Woning of niet: de aard van de onroerende zaak is doorslaggevend voor tarief overdrachtsbelasting
Op 24 februari 2017 heeft de Hoge Raad geoordeeld over het begrip woning voor toepassing van het tarief voor de overdrachtsbelasting. Eerder heeft A-G Wattel een heldere conclusie geschreven over dit begrip, zie hierover mijn blog van 3 januari 2017. Net als de A-G moet volgens de Hoge Raad worden gekeken naar de aard van de onroerende zaak om te bepalen of deze is bestemd voor bewoning of niet.
In drie van de vier zaken oordeelt de Hoge Raad dat het Hof terecht heeft geoordeeld dat sprake is van een naar zijn aard voor bewoning bestemde onroerende zaak. Dit betreft de zaken over de stadsvilla (nr. 16/01734, ECLI:NL:HR:2017:290), de tot tandartspraktijk verbouwde woning (nr. 16/03768, ECLI:NL:HR:2017:294) en de tot kantoor verbouwde woonboerderij (nr. 16/04101, ECLI:NL:HR:2017:295).
In die bijna identieke arresten overweegt de Hoge Raad dat de vraag of de verworven onroerende zaak 'naar zijn aard voor bewoning is bestemd' moet worden beantwoord met toepassing van een zo objectief mogelijke maatstaf. Dat betekent dat aansluiting moet worden gezocht bij het doel waarvoor de onroerende zaak oorspronkelijk is ontworpen en gebouwd. Als het doel bewoning is geweest en de onroerende zaak op een later moment is verbouwd, heeft het alleen zijn aard van woning behouden als niet meer dan beperkte aanpassingen nodig zijn om de onroerende zaak weer geschikt te maken voor bewoning.
Pas als het voorgaande niet leidt tot een duidelijke slotsom, komt mede betekenis toe aan de eisen of beperkingen die voortvloeien uit publiekrechtelijke voorschriften.
In casu geeft het oordeel van het Hof geen blijk van een onjuiste rechtsopvatting en wordt het cassatieberoep ongegrond verklaard.

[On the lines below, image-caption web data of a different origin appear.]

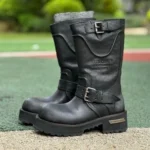 Balenciaga FW25 Venom Boots Retro Couple Style Motorcycle Boots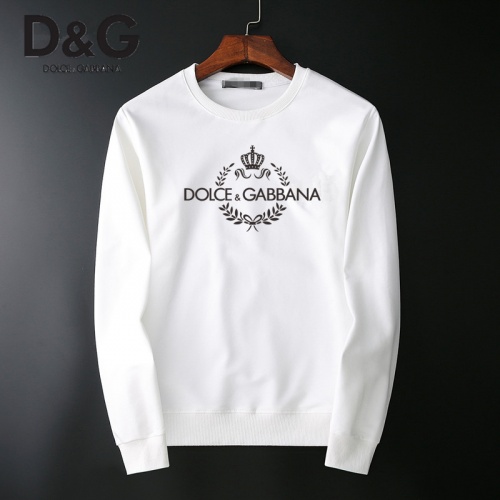 Dolce &amp; Gabbana D&amp;G Hoodies Long Sleeved For Men #919053 $41.00 USD, Wholesale Replica Dolce &amp; Gabbana D&amp;G Hoodies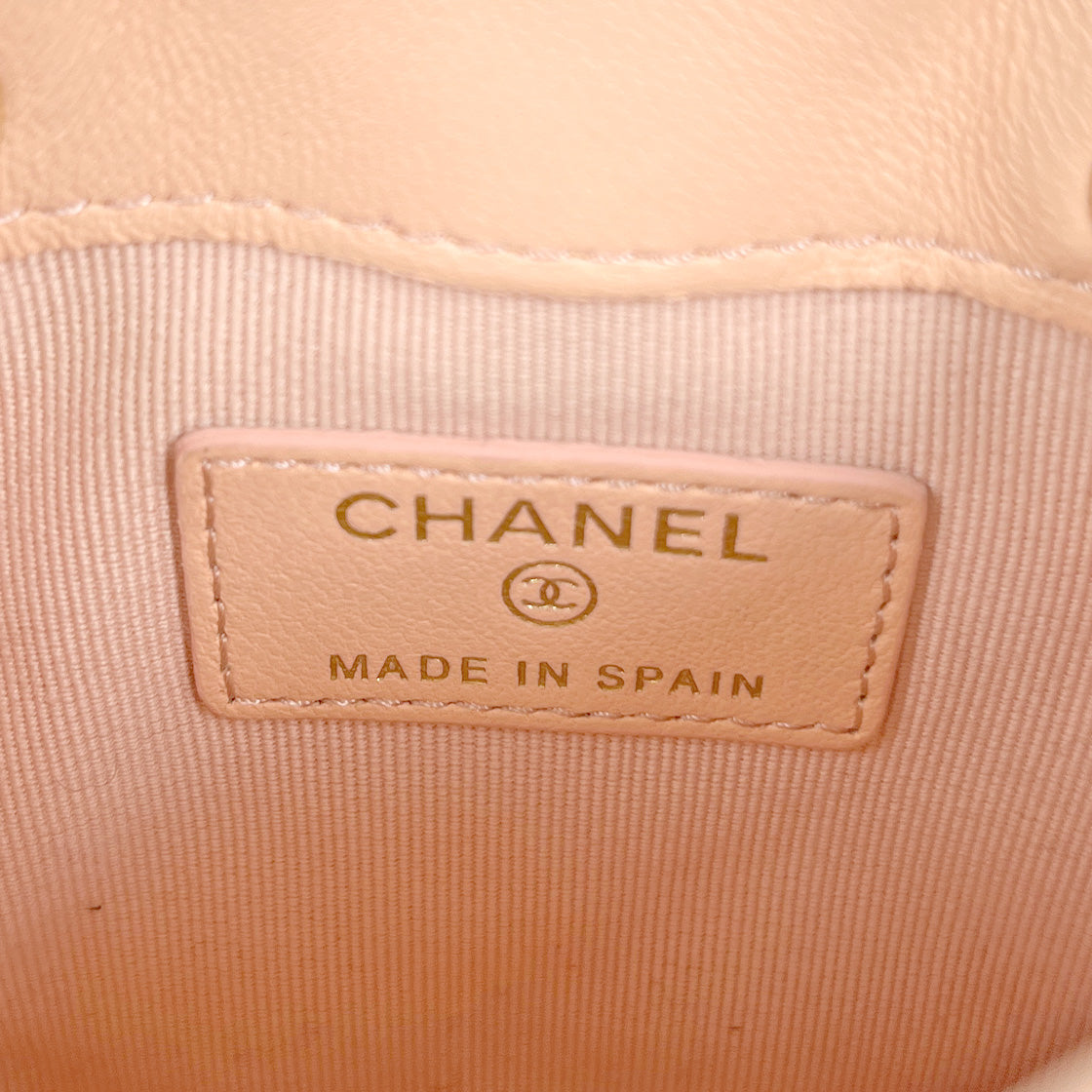 Chanel Pink Lambskin Quilted CC Mini Crossbody Bag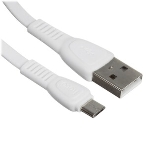 Кабель USB 2.0 HOCO X13, AM/microBM, белый, 1м, фото4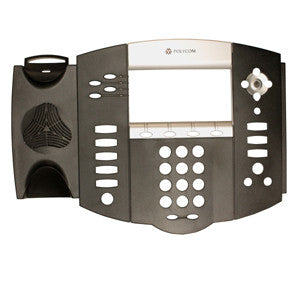 Replacement top housing plastic for Polycom, IP 550,Charcoal with Silver Bezel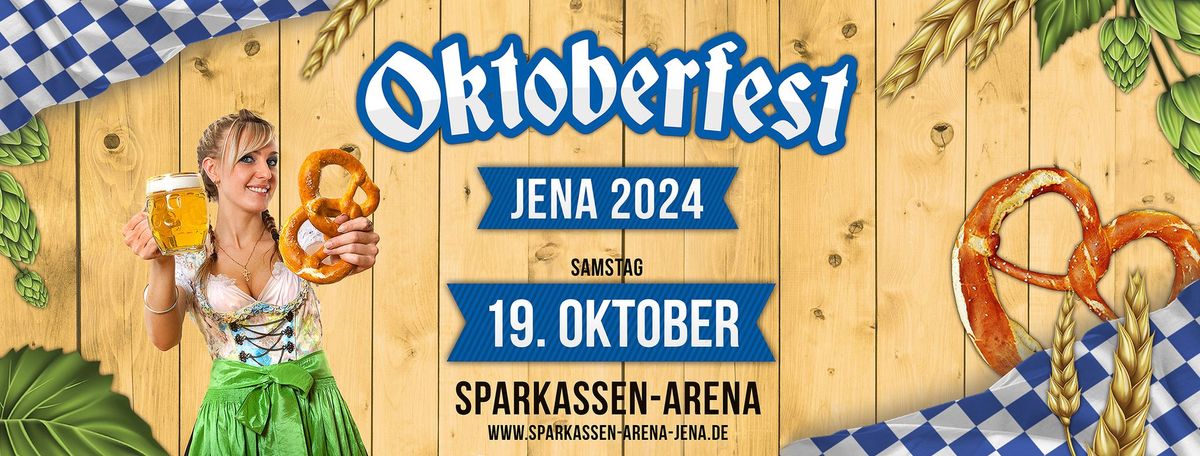 OKTOBERFEST JENA 2024 am 19. Oktober in der Sparkassenarena Jena mit BERGLUFT & DJ EL BARTHO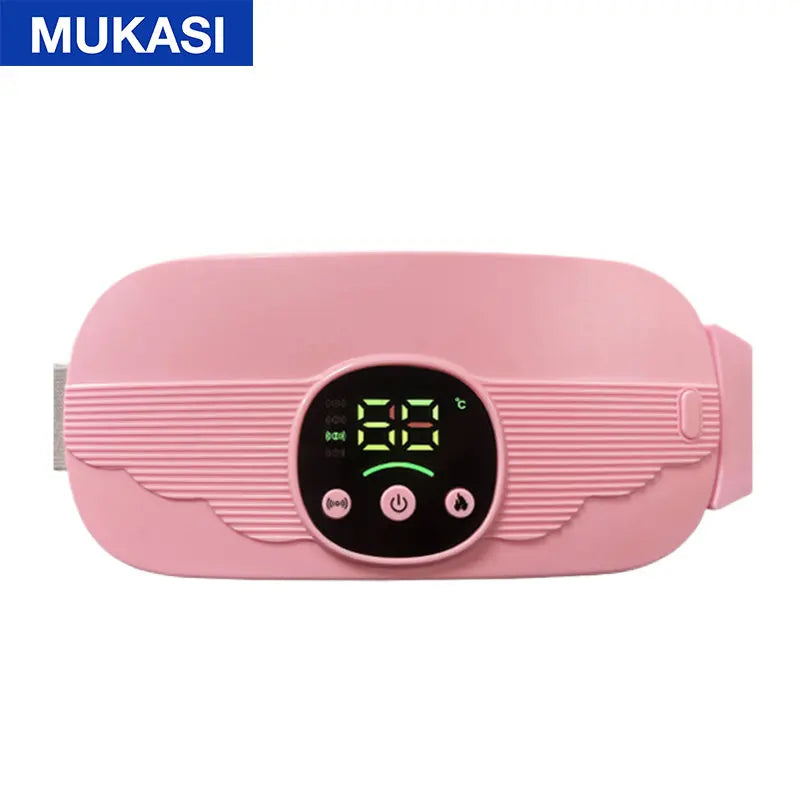 Menstrual Heating Pad Smart Warm Palace Belt Waist Vibration Massage Device Abdominal Massager for Cramps Period Pain Relief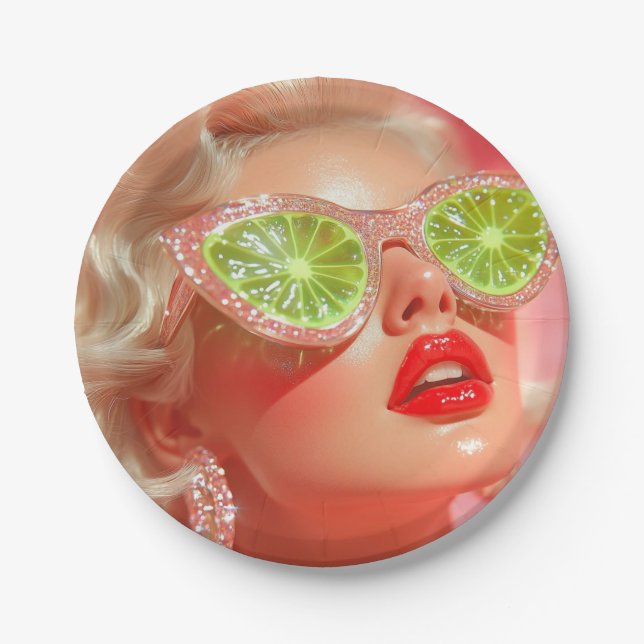 Shine Pappteller (Vorderseite)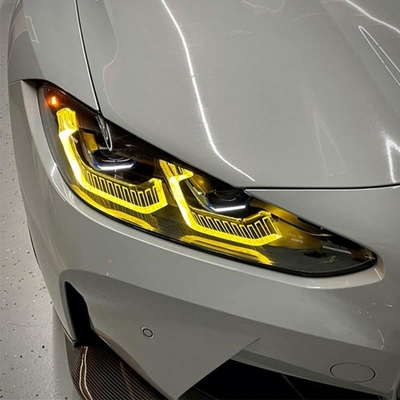 레몬 노란색 BMW CSL DRL M3 M4 G80 G82 12V 자동차 액세서리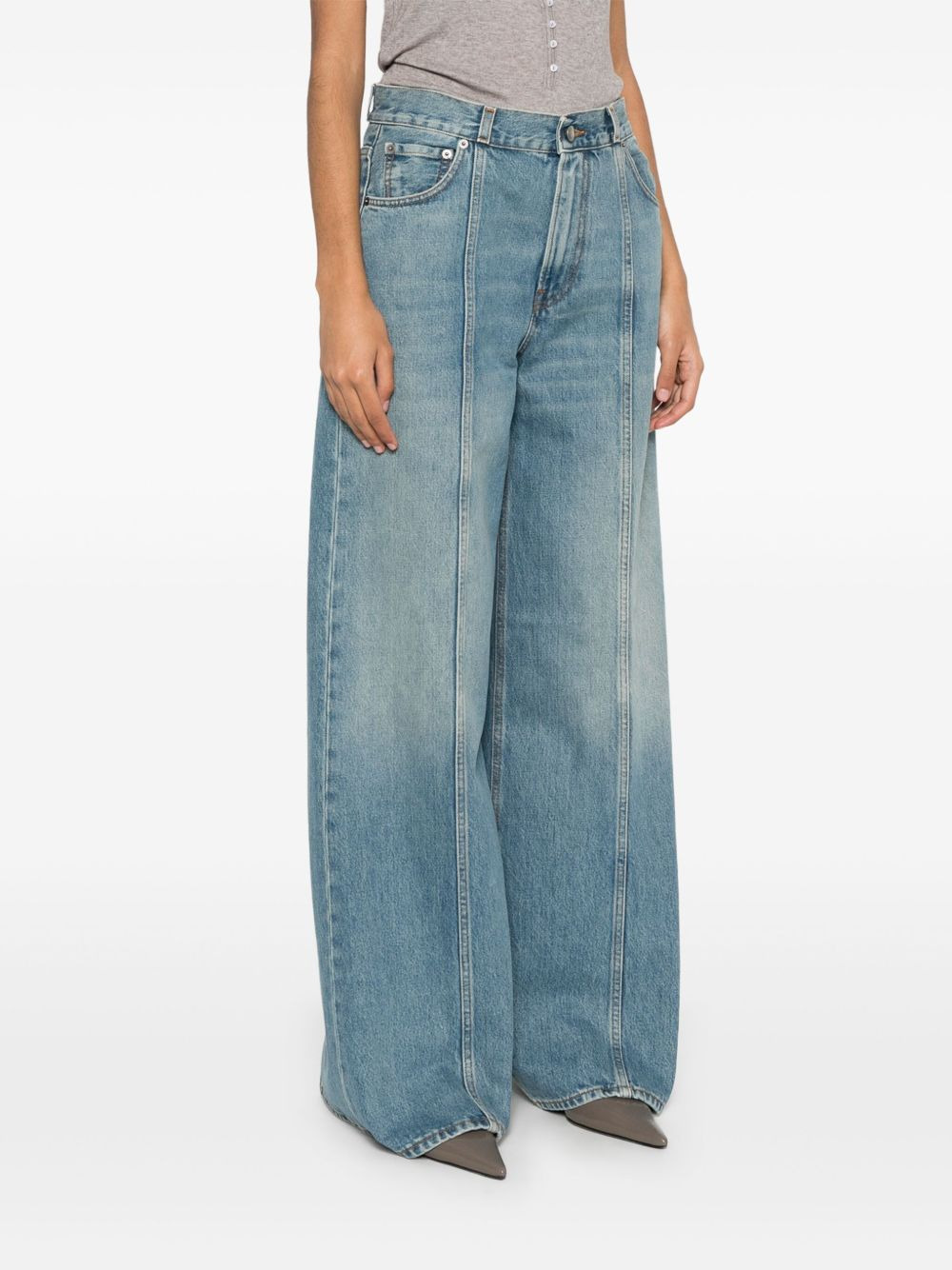 Peace wide-leg jeans - 3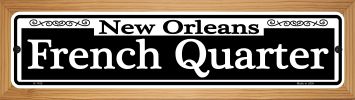 SMART BLONDE New Orleans French Quarter Novelty Wood Mounted Small Metal Street Sign WB-K-1105
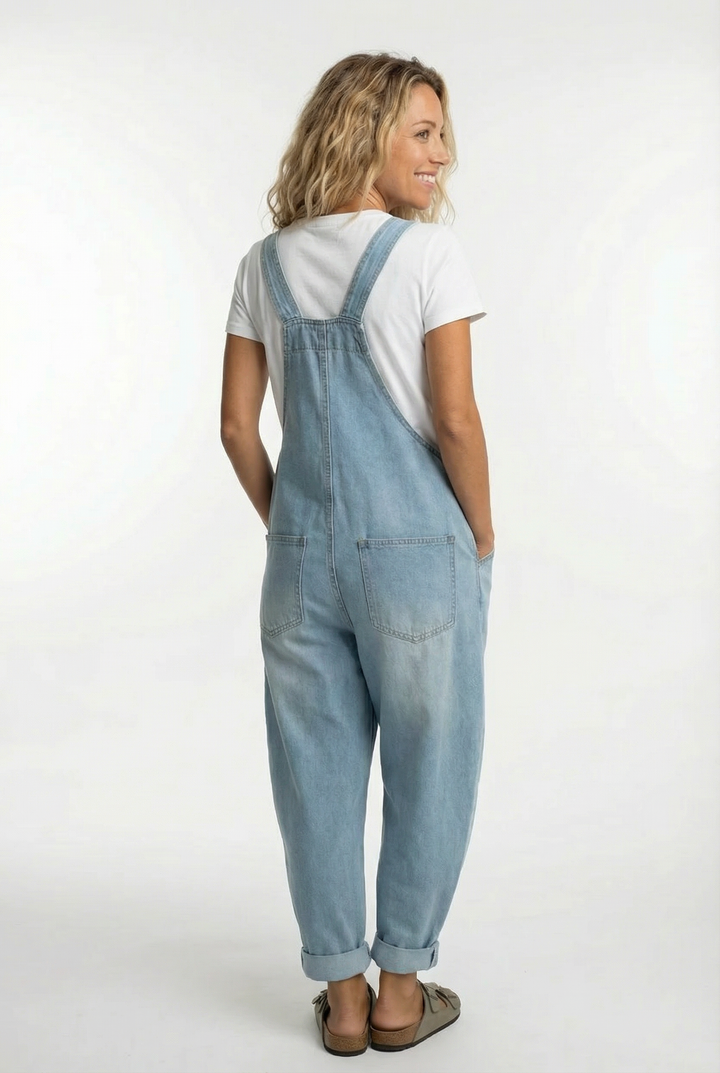 Damen Vielseitiger Overall mit verstellbaren Trägern, eine bequeme Wahl für jede Frau.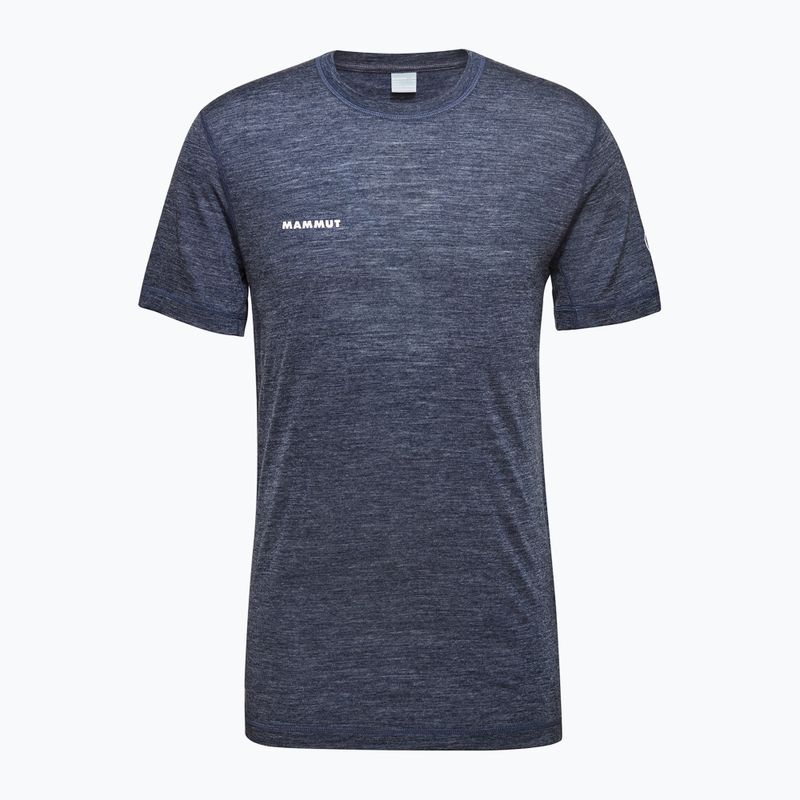 Mammut Tree Wool FL, maglietta da trekking da uomo, marina melange 4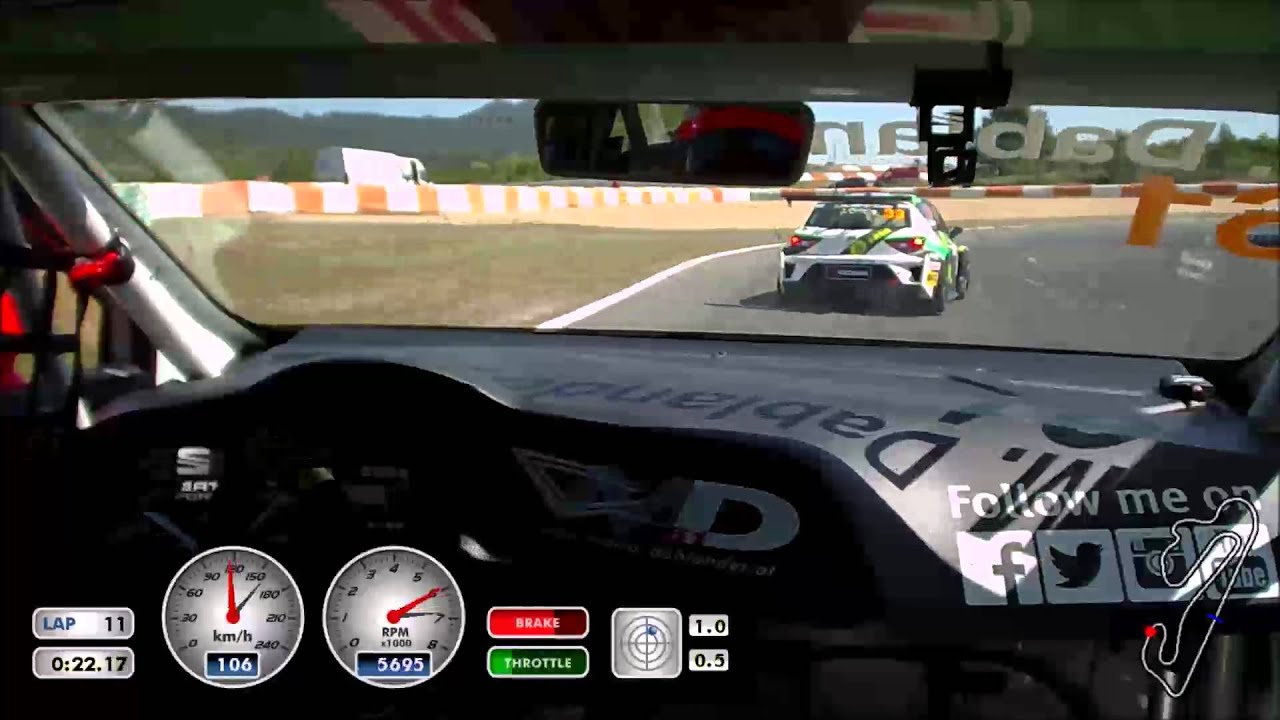 Mario Dablander #61 Onboard // SEAT Leon Eurocup 2015 // Estoril Race 2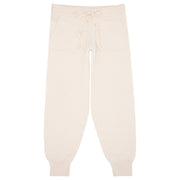 women's cream knit pant
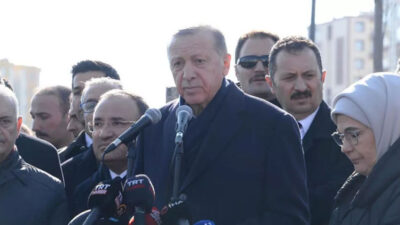 Cumhurbaşkanı Erdoğan’dan Adıyaman’da incelemeler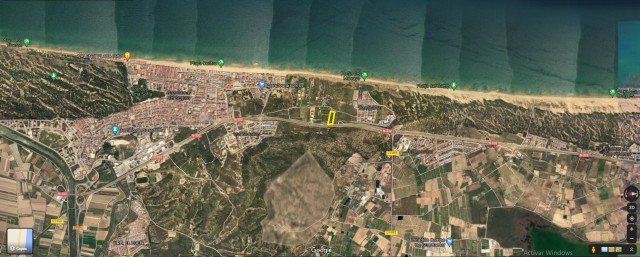 LAND om te bouwen IN EL MONCAYO 400 meter van het strand, GUARDAMAR DEL SEGURA, Costa Blanca te koop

Alleen met betrekking tot de onroerende zaak waarin een hospice (24 februari 2017, nr. 16/02257, ECLI:NL:HR:2017:291) is gevestigd oordeelt de Hoge Raad dat geen sprake is van een naar zijn aard voor bewoning bestemde onroerende zaak. De Hoge Raad oordeelt dat gelet op de kenmerken en de indeling van het gebouw deze naar zijn aard is bestemd om dienst te doen als een verzorgingsinstelling en dus niet als woning in de zin van art. 14 lid 2 WBR. Beslissend voor de aard van een onroerende zaak zijn de objectieve kenmerken. De contractuele relatie van de bewoners met het hospice is voor de aard niet bepalend.
Het lag in de lijn der verwachting dat de Hoge Raad zo zou oordelen. Hopelijk brengen deze arresten meer duidelijkheid voor de praktijk en verschuift de discussie niet naar de vraag of wat precies de aard is van een onroerende zaak.